» **Stored data**
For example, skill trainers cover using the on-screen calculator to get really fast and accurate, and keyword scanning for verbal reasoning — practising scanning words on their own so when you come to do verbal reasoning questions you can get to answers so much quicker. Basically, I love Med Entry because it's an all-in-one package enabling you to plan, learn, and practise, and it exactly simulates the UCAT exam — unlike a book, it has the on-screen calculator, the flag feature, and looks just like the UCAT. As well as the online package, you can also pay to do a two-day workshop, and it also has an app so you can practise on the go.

--

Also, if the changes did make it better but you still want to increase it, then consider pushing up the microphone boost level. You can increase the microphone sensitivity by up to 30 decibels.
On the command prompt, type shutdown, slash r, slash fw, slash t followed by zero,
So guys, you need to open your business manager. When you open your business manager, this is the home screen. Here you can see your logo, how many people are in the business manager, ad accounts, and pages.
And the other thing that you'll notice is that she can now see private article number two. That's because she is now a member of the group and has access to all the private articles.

--

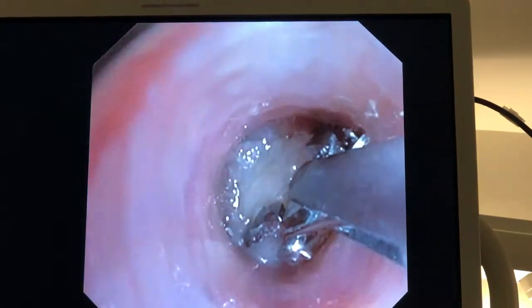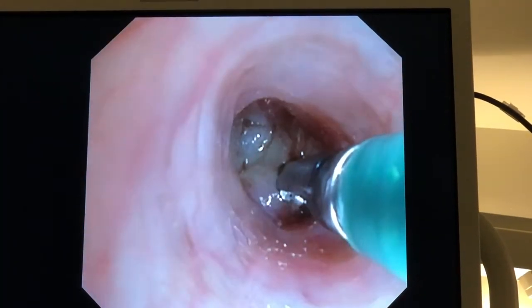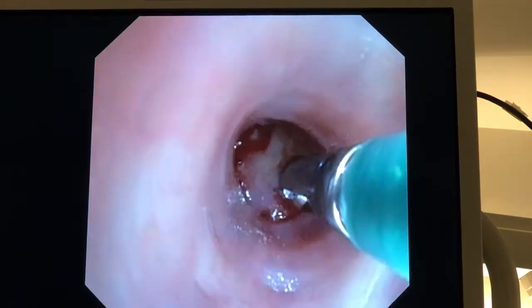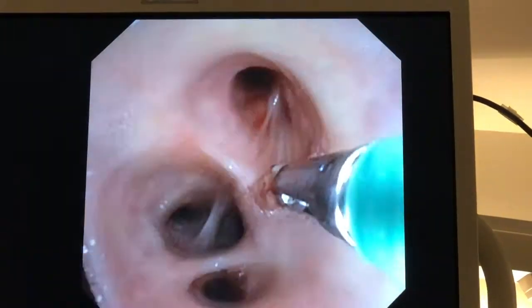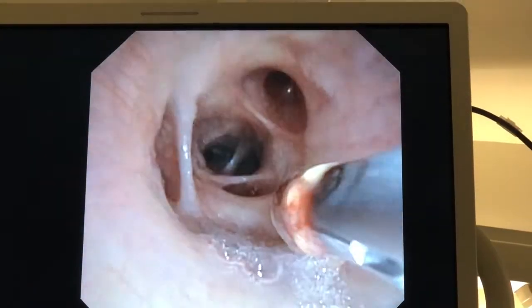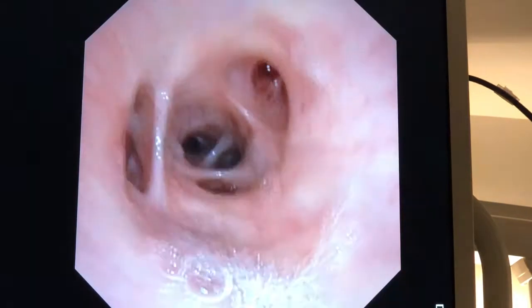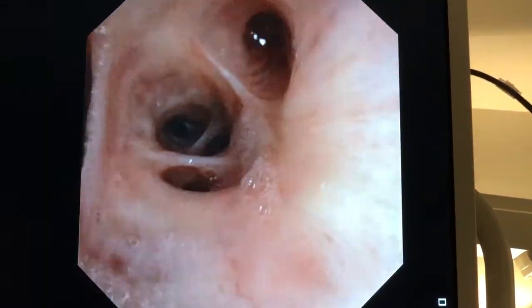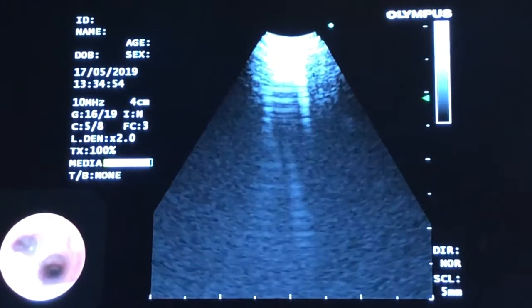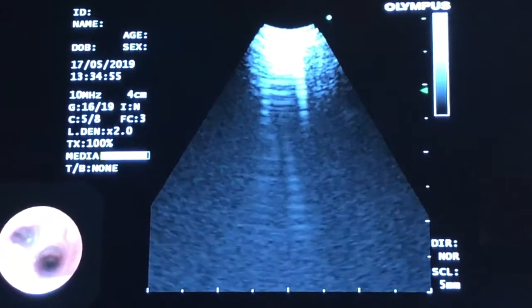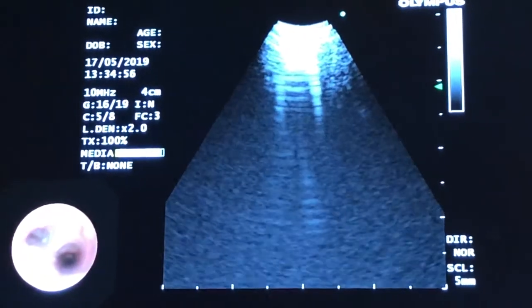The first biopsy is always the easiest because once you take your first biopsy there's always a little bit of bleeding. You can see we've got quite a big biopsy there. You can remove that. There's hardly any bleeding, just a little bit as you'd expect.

» **What to do**
Among the entries above, the lines between the ones containing "So guys, you" and "And the other", inclusive, are to be transcribed exactly. No other line is to be given.

» **Reply to the task**
So guys, you need to open your business manager. When you open your business manager, this is the home screen. Here you can see your logo, how many people are in the business manager, ad accounts, and pages.
And the other thing that you'll notice is that she can now see private article number two. That's because she is now a member of the group and has access to all the private articles.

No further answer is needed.